Are Money Market Reforms Coming?
For the past few years, money market managers have been eyeing regulators warily. Money market reforms have been rumored, speculated about, and even offered by fund managers themselves. That reforms of some sort are coming is taken as a given; what's unknown is just how disruptive they'll be.
Those reforms have the potential to put a significant dent in the profits of fund managers, which is why the Investment Company Institute -- which represents fund managers -- has been operating with a bit of a hair trigger in responding to nearly any suggestion that reform include a floating share price.
This sensitivity was on display this week when the ICI published a list of facts that it believes were missing from a Wall Street Journal column that suggested that money market funds have to abandon their $1 fixed share price.
That fixed share price is ground zero in this debate. Why? Because on one hand, it conveys a sense of stability. Even though each money market prospectus includes language that makes it clear that the funds are not FDIC insured and could lose value, the fact is that many investors use money market funds for their short-term savings because they expect them to maintain that stable share price. That the ICI has been arguing so vociferously against a floating share price is all the evidence you need to confirm this reality.

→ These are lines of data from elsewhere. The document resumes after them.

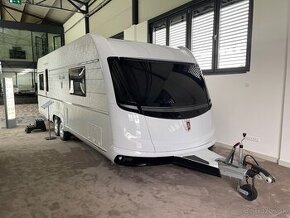 Tabbert Cellini 655 DF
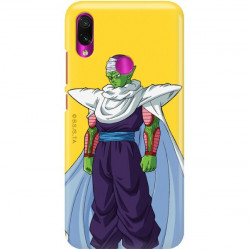 ETUI SMOOTH DRAGON BALL NA TELEFON XIAOMI REDMI NOTE 7 DBS-38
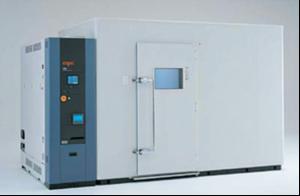 Test chambers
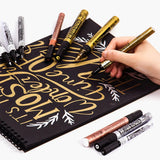 SakuraPenTouchCalligraphyMarker1.8mm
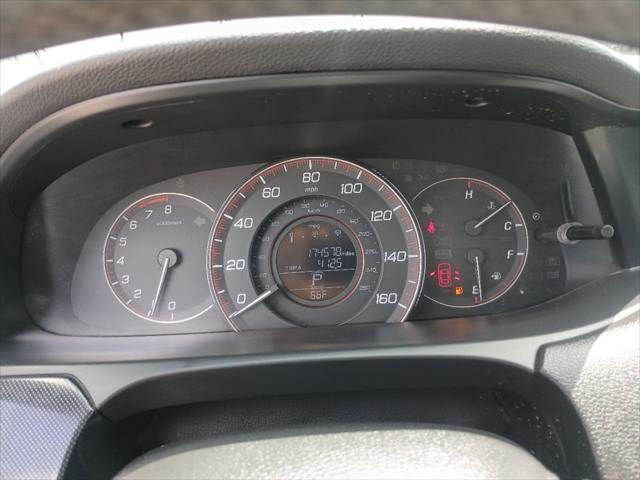used 2014 Honda Accord car, priced at $8,950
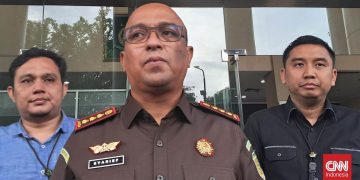 Kejagung Amankan Mobil Alphard Milik Orang Kepercayaan Sony Sonjaya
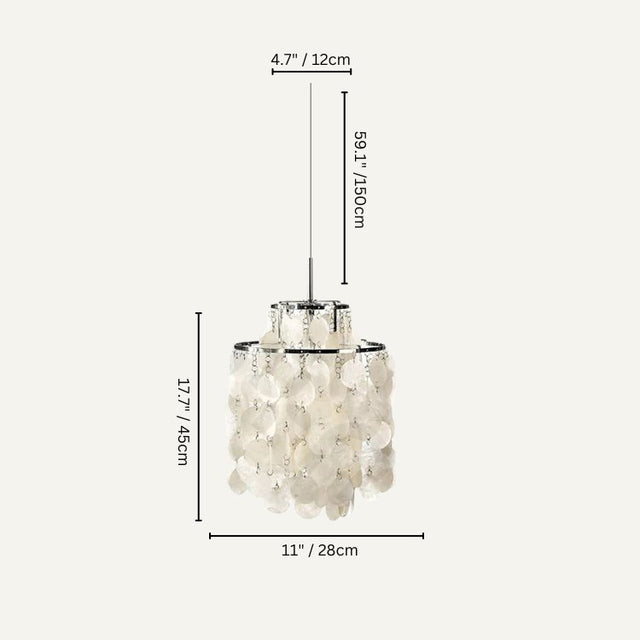 Corollary Chandelier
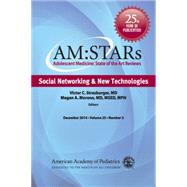 Am-stars Social Networking & New Technologies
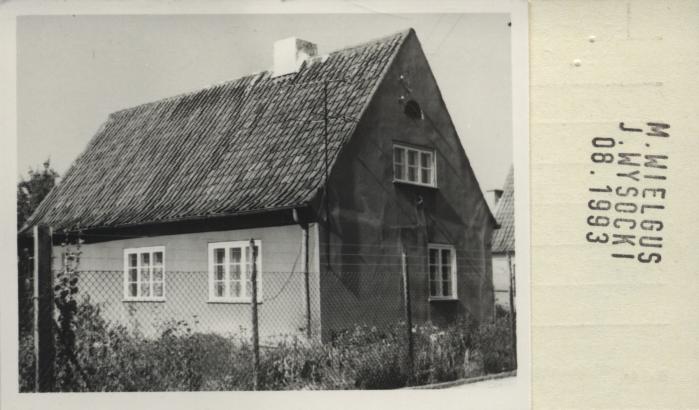 dom, skan 2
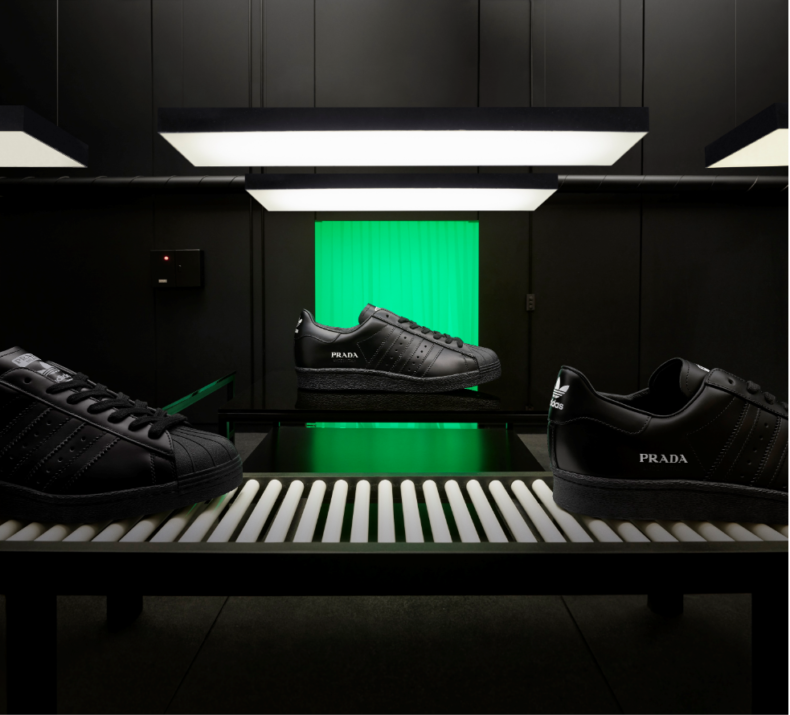 Prada For Adidas: The Second Capsule Is Coming - The Blonde Salad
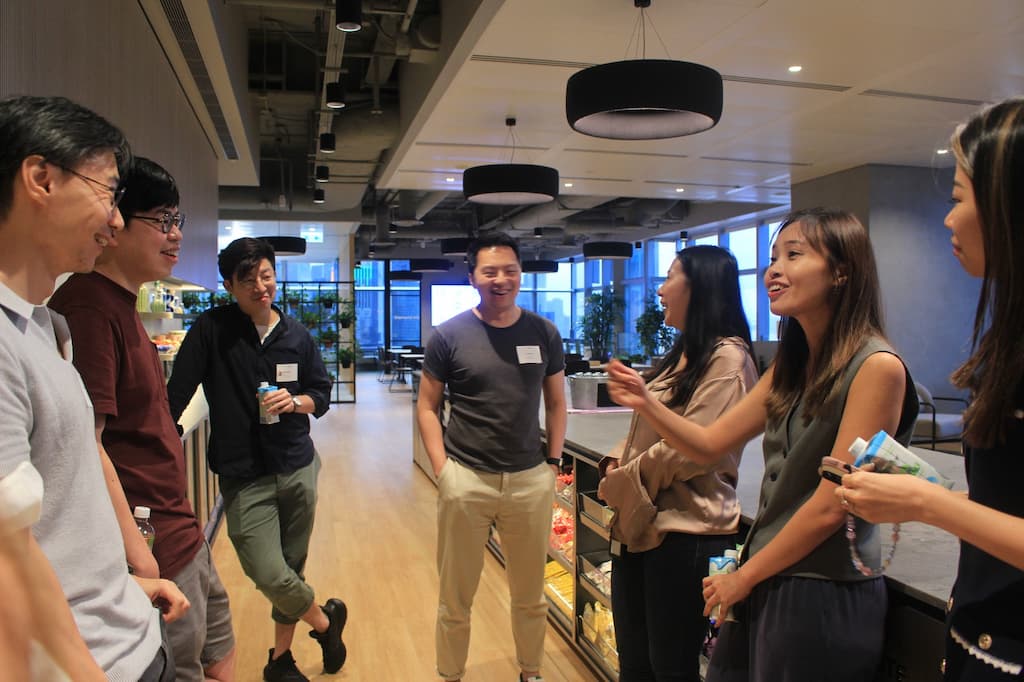 HR Community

But on the other hand, the sense of stability that's conveyed by that stable share price is false. Money market funds own marketable securities -- corporate- and government-issued debt -- that rise and fall in value. Because there are limits on the credit quality and maturity of the debt these funds may own, those rising and falling values are so slight that it's not difficult for the funds to maintain that $1 share price -- most of the time.
But we live in a messy world, and from time to time stuff happens -- unforeseen stuff like recessions, bankruptcies, credit crunches, and liquidity events. In the vast majority of cases, when a money market manager got caught reaching a bit too far to boost their fund's yield and ended up endangering their fund's $1 share price, the parent firm stepped in and provided the capital needed to preserve the status quo.
But in 2008, when Lehman Brothers collapsed, the industry's oldest money market fund suffered losses that outstripped what the firm could absorb, and the fund became the third in the industry's history to break the buck.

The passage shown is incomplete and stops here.